Durante a escravidão, ainda que com estatutos sociais diferentes, de escravos ou libertos, os negros eram percebidos pela sociedade apenas coletivamente. Ela só os entendia como mão-de-obra ou como um perigo constante para a ordem social. Assim, nos espaços criados pelas nações eles compartilhavam suas experiências e saberes individuais reconstruindo suas identidades enquanto pessoas e enquanto grupo. Deste modo, ao se valerem de suas experiências pessoais, mesclaram a suas práticas culturais as indígenas e portuguesas, porém, ao fazê-lo, não se homogeneizaram, apenas selecionaram nas outras culturas os elementos que melhor se adequassem à perpetuação de seus próprio valores.

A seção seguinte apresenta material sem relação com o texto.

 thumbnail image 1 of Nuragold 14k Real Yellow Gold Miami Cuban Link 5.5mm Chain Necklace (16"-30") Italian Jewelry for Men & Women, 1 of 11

As escolhas eram feitas a partir de um repertório anterior e as diferenças se estabeleciam a partir da maneira como este traço cultural era manifestado. Em verdade, o elemento escolhido reforçava um outro que não poderia ou não convinha aparecer explicitamente. Como as tradições africanas que aqui aportavam não eram idênticas, os elementos escolhidos, traçados e mantidos não foram os mesmos, nem da mesma ordem de importância. Variaram com as épocas, isto é, com aquilo que importava manter ou abrir mão em determinado período. Entretanto, as escolhas e/ou renúncias não seguiam um programa racionalmente preparado, antes disso, flutuavam ao sabor das contingências do dia-a-dia. Assim, pouco importava se um traço cultural era imposto, importava sim, conviver com essa imposição sem perder de vista as próprias referências. Esse é, por exemplo, o caso das nações e de muitas outras imposições do sistema escravista. Talvez o mais vigoroso exemplo desta conduta seja encontrado nas Irmandades de Homens de Cor. Elas, que foram um importante centro de reelaboração e de resistência à escravidão, vieram como uma imposição da cultura cristã e portuguesa.

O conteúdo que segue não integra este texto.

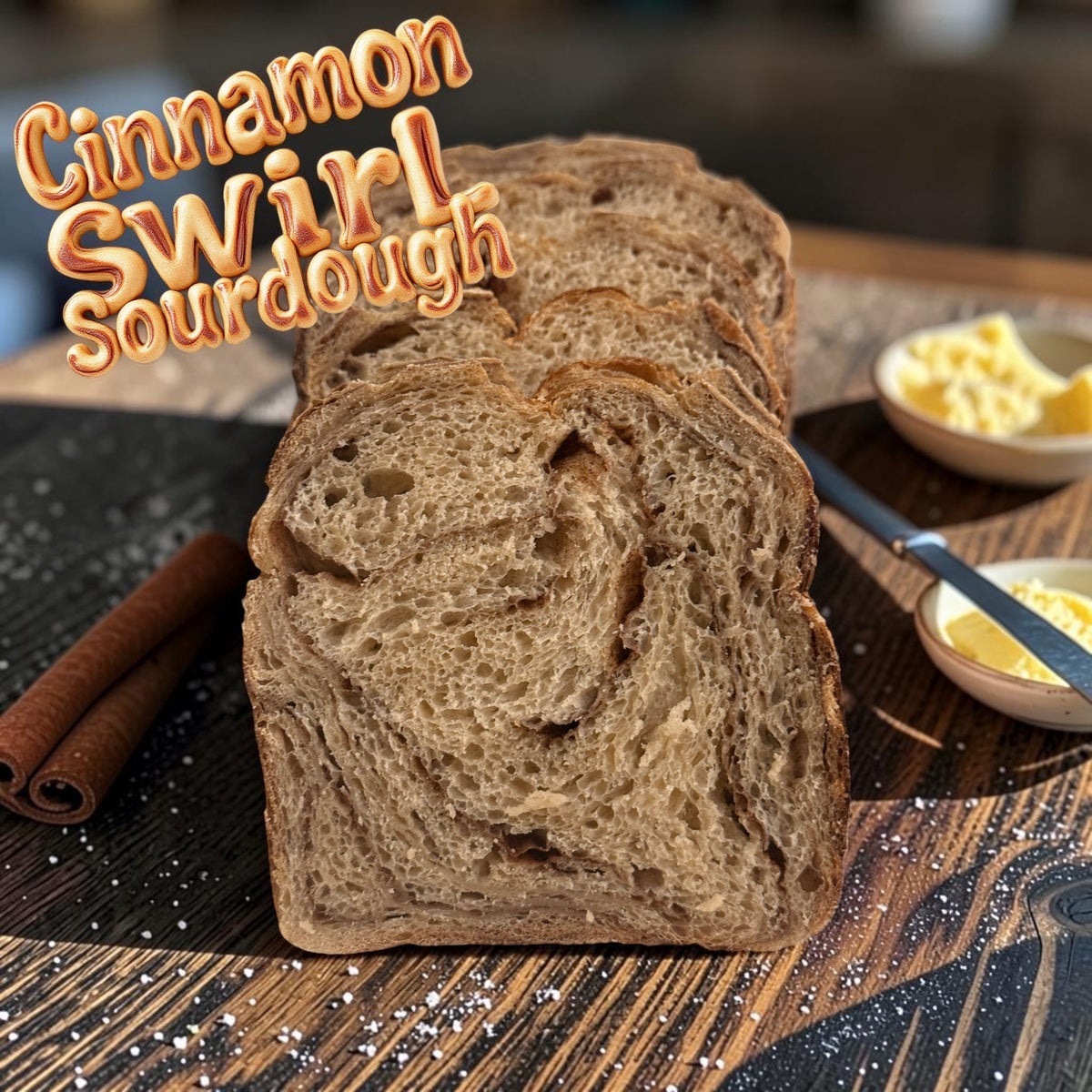 Cinnamon Swirl Sourdough Loaf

Se o cristianismo foi uma imposição da sociedade escravista, por outro lado, a forma como o cristianismo foi incorporado revela a insubmissão desse grupo de pessoas em abrir mão de seus valores e a sua capacidade de encontrar soluções intermediárias. Renato da Silveira sugere que:

"(...) o processo foi muito mais embaralhado, uma grande mistura de estratégias (...), decisões tomadas por lideranças locais, flexões, indecisões e mudanças momentâneas de orientação. Por outro lado, optar pela constituição de uma religião socialmente reconhecida não exclui totalmente que o conteúdo religioso que ela ritualiza seja revigorado pelo sentimento de revolta (...)"6

Pertencer a uma irmandade significava lastrear práticas corrosivas ao sistema escravista que visavam livrar, amparar os irmãos e garantir-lhes um sepultamento digno, que por sua vez assegurasse a integridade dos restos mortais, pré-requisito, em algumas tradições, para o retorno do espírito ao seu lugar de origem na África. Além do que, mais que apenas um ponto de convergência das redes de solidariedade, as irmandades exerciam o papel de representação social e política das nações.7

Assim, motivados pela possibilidade concreta de estabelecer relações sociais distintas e com hierarquias diferentes das ditadas pela sociedade escravista, escravos e libertos encontraram no seio das nações o espaço social onde a sua subjetividade, a sua condição de pessoa, pudesse aflorar. Reintegrados a um novo grupo, a partir do qual reconstruíram suas identidades e enfrentaram o dia-a-dia do cativeiro, não mais sozinhos, como peças, mas - parafraseando M.I. Côrtes de Oliveira - Vivendo e Morrendo no Meio dos Seus.8 Os ganhos desse reencontro com os seus, com as suas origens estavam assegurados nas redes de solidariedade que se estabeleciam e viabilizavam as caixas para compra de alforrias, nos cantos de trabalho, no amparo a velhos e doentes, enfim, nas práticas coletivas que tornavam o fardo da escravidão suportável.

NOTAS

1 - Minha mãe é minha origem/ Meu pai é minha origem/ Olorum é minha origem/Sendo assim, adorarei minhas origens antes a qualquer Orixá. Deoscóredes M. dos Santos, Qual é o terreiro exclusivo de Orixá., Siwaju, Salvador: Boletim do INTECAB - Instituto de Tradição e Cultura Afro-Brasileira, 1988 apud Marco Aurélio Luz, Agadá: dinâmica da civilização africano-brasileira, Salvador: Sociedade de Estudos da Cultura Negra no Brasil, 1995. p.502.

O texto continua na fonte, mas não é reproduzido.